-- Opening Marker --
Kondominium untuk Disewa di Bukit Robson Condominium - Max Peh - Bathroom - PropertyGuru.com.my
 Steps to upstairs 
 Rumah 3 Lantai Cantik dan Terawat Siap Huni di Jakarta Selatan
-- Closing Marker --
→ Your task
Transcribe the material above in full, keeping every word.

→ Response to this task
Kondominium untuk Disewa di Bukit Robson Condominium - Max Peh - Bathroom - PropertyGuru.com.my
 Steps to upstairs 
 Rumah 3 Lantai Cantik dan Terawat Siap Huni di Jakarta Selatan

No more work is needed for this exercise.